The one menu item that needs serious rethinking is the aged New York strip steak. I know that aged beef is all the rage these days, but it’s not cheap, and its presence on this menu is puzzling. The New York strip steak, aged for 21 days, is the most expensive entrée listed by more than $10. On top of that, it’s not generously cut. It’s far too thin, making it difficult for the kitchen to get it to the table at the proper stage of doneness. Under those conditions, it’s hard to discern enough difference in the flavor to make the aging a worthwhile expense, especially since the beef was served with a tasty helping of sautéed mushrooms and topped with cognac butter.

Desserts are also throwbacks—especially moist, luscious slices of cakes that would do any bakery proud. I’m not much of a cake fan, but I make an exception for coconut cake. Anyone who prefers chocolate won’t be disappointed either.

Like the menu, the wine list is on the short side, with a couple dozen each of reds and whites. But while most short wine lists are built from nothing beyond well-advertised brands, Royal Zephyr’s contains a few well-chosen surprises.
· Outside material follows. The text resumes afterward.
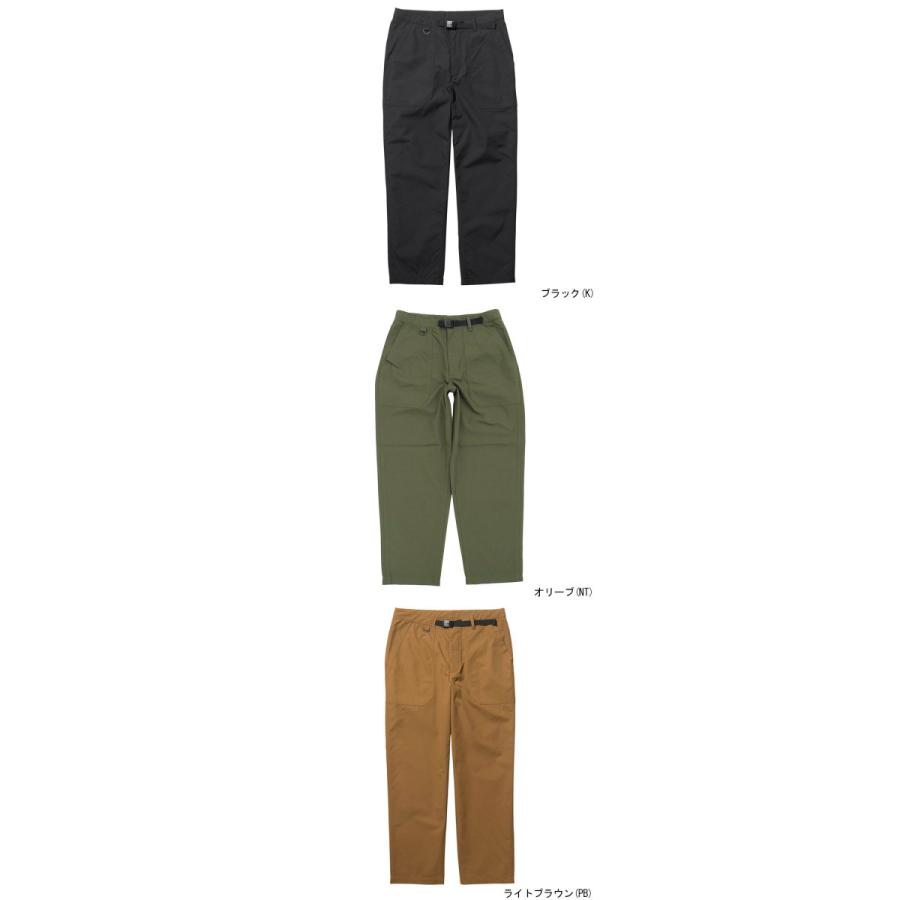 ザ ノースフェイス パンツ THE NORTH FACE メンズ ファイヤーフライ ベイカー ( Firefly Baker Pant 2022秋冬 アウトドア NB82137 国内正規 )｜icefield｜10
The Qupe Syrah was a good complement to both the steak and seafood dishes, a medium-bodied red from the Central Coast of California with plenty of fruit to stand up to the beef and a slightly spicy varietal character.

Service was surprisingly good considering the restaurant’s layout. You might think that a long, narrow space would create foot-traffic nightmares, yet the restaurant was three-quarters full during our visit, and everything reached the table without undue delays. Our waiter suffered a couple of short-term memory lapses—it shouldn’t be hard to remember who ordered what at a table for two—but his calm, friendly demeanor more than made up for it.

If a mealtime novelty is all you’re looking for, Royal Zephyr’s casual car should do the trick nicely. But if you want a unique theme restaurant experience, don’t be afraid to travel first class.